REST conventions favor nouns over verbs, with HTTP methods expressing the operation. For an orders resource: GET /api/orders to list, POST /api/orders to create, GET /api/orders/{id} to get one, PUT /api/orders/{id} to replace, PATCH /api/orders/{id} to partially update, and DELETE /api/orders/{id} to delete.
Avoid verbs in URLs like /api/getOrder. They obscure the HTTP method semantics. When an action does not map cleanly to CRUD -- cancelling an order -- use a sub-resource noun: POST /api/orders/{id}/cancellation is cleaner than POST /api/orders/{id}/cancel and opens the door to GET /api/orders/{id}/cancellation later.
How does the routing engine resolve ambiguous routes?
The routing engine scores route candidates by specificity. More literal segments score higher than parameterized segments. Constrained parameters score higher than unconstrained ones. Routes with different HTTP verbs are never ambiguous -- GET /api/products and POST /api/products are distinct by design.

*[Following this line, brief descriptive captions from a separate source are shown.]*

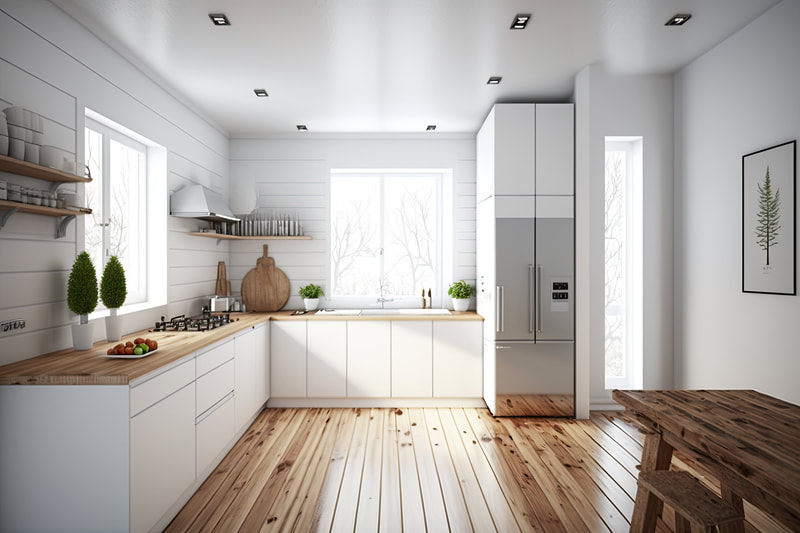 white-wrapped-cabinets-wooden-floor-silver-fridge The Cabinets Change More Than the Postcode Does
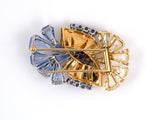 22736 - Retro Cartier Oscar Heyman Platinum Gold Diamond Ruby Sapphire Brooch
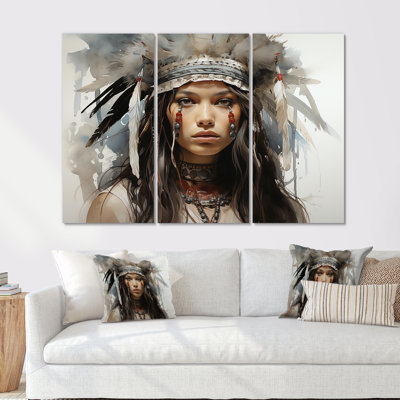 Native Sioux Woman Portrait - Native American Wall Art, ensemble d'impression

When two routes have equivalent specificity and the same verb, the engine throws AmbiguousMatchException. The fix is almost always: add type constraints to differentiate templates ({id:int} vs {slug:regex(...)}), add a distinguishing literal segment, or restructure the route hierarchy.
How do I generate URLs for routes in my API responses?
For 201 Created responses after a POST, use CreatedAtAction(nameof(GetById), new { id = newId }, body). This generates the URL to the newly created resource, sets the Location header, and returns the body -- the complete RFC 7231 pattern for resource creation.
For building HATEOAS-style links in response bodies, inject LinkGenerator from DI. Unlike IUrlHelper, LinkGenerator works in any context -- middleware, background jobs, SignalR hubs -- without requiring an active HttpContext. Centralizing URL generation through LinkGenerator keeps your links correct when you refactor route templates.